桜木がどこまで意識して言ったのかはともかくとして、自分への戒めの意味が込められていたのは間違いないと思うのだが、どうだろうか。



<15>追い読み

(その2)でも触れたが、追い読みは英語の基本。私の中学時代の英語教師は体罰を行うクズだったが、英語自体の指導は間違ってはいなかった。毎時間生徒に教科書を読ませる。これによって基礎的な英語力はついた。もっとも、トータルでは大きくマイナス。中学など行かずに家で両親の指導を受け続けていれば、もっとマシな人間に成長したと思うが、後の祭りだ。
「ドラゴン桜」を読んだとき、中学時代に川口先生のような教師がいたらなあ・・と思ったものだ。川口先生の指導は実に優れている。歌で英語を覚えるのも良いし、例文を100暗記するという方法は受験対策として実に優れている。私の高校の時の英語教師の一人が、よく歌を扱っていた。少々不真面目な生徒だったので、英語は3つとも欠点ぎりぎりだったが、彼女の授業は楽しかった。
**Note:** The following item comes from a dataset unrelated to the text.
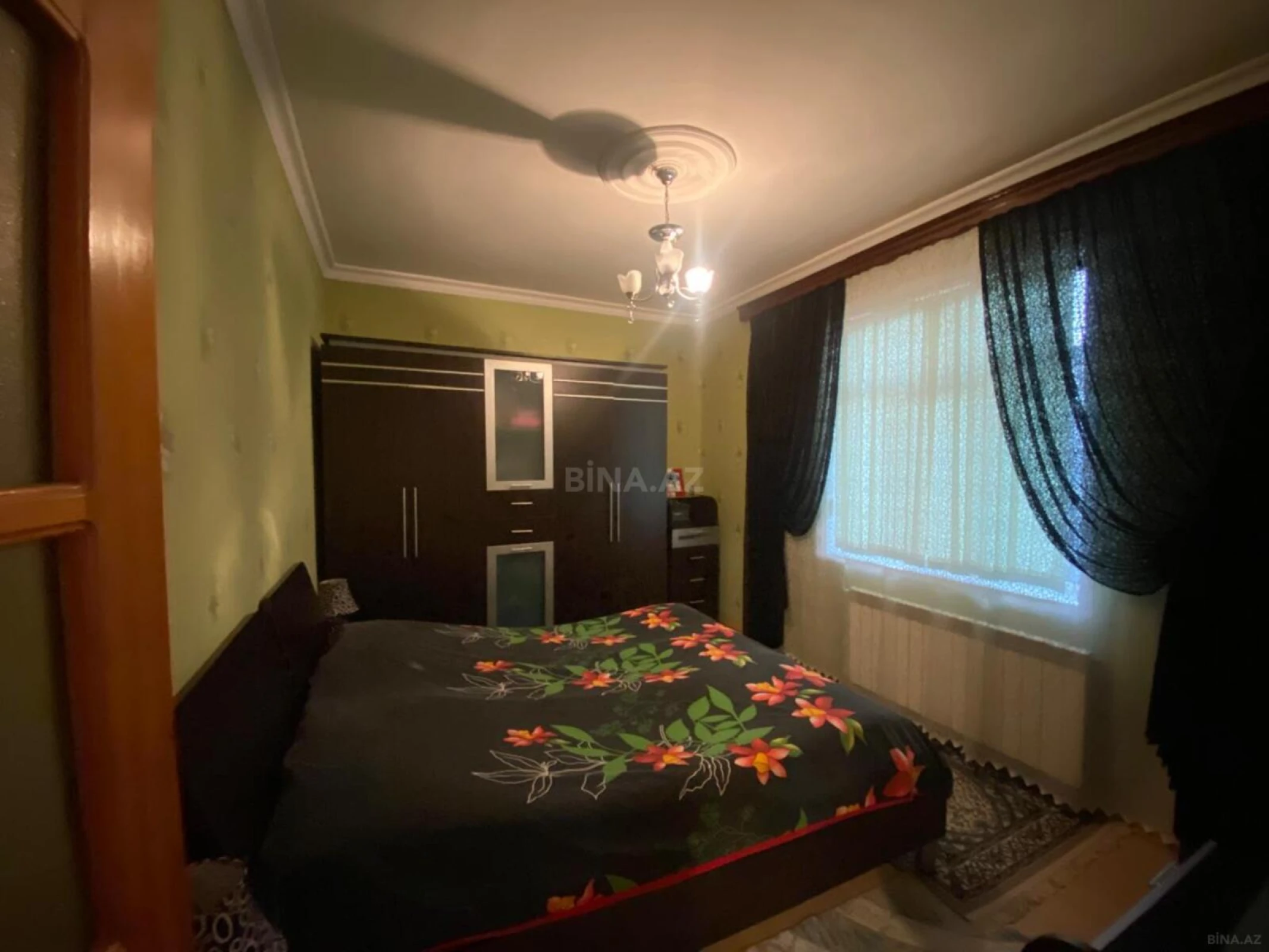 Satılır 7 otaqlı həyət evi 240 m²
受験英語といえば、「DUO」という単語帳が有名だ・・と思う。父親の指導で私はもちろん弟妹もこれを音読してきた。ここで“追い読み”が盛んに行われていた。高校3年生当時は、例文560のうち200番まで暗唱できた。慣れてくれば自分で出来るようになるが、最初は“追い読み”によって音読を繰り返していた。大人になって、自分が生徒を指導する立場になり、あらためて“追い読み”の効果がわかってきた。特に英語の成績が悪い生徒は“追い読み”でないとしょっちゅうとちる。英語の成績が良い生徒にも、最近は「ゆとり教育」のせいで“追い読み”が行われてないようなので、効果的だ。
“追い読み”の最大の利点は、教える側が難しいことをしなくてもよいということだと思う。だいたい複雑なマニュアルなど、実行困難だし役に立たない。簡単に成績を伸ばす“追い読み”は奨励したい。ただ、本来ならば私ごときが言うまでもないことで、当たり前に学校の授業で行われていなければならないことなのだが・・・。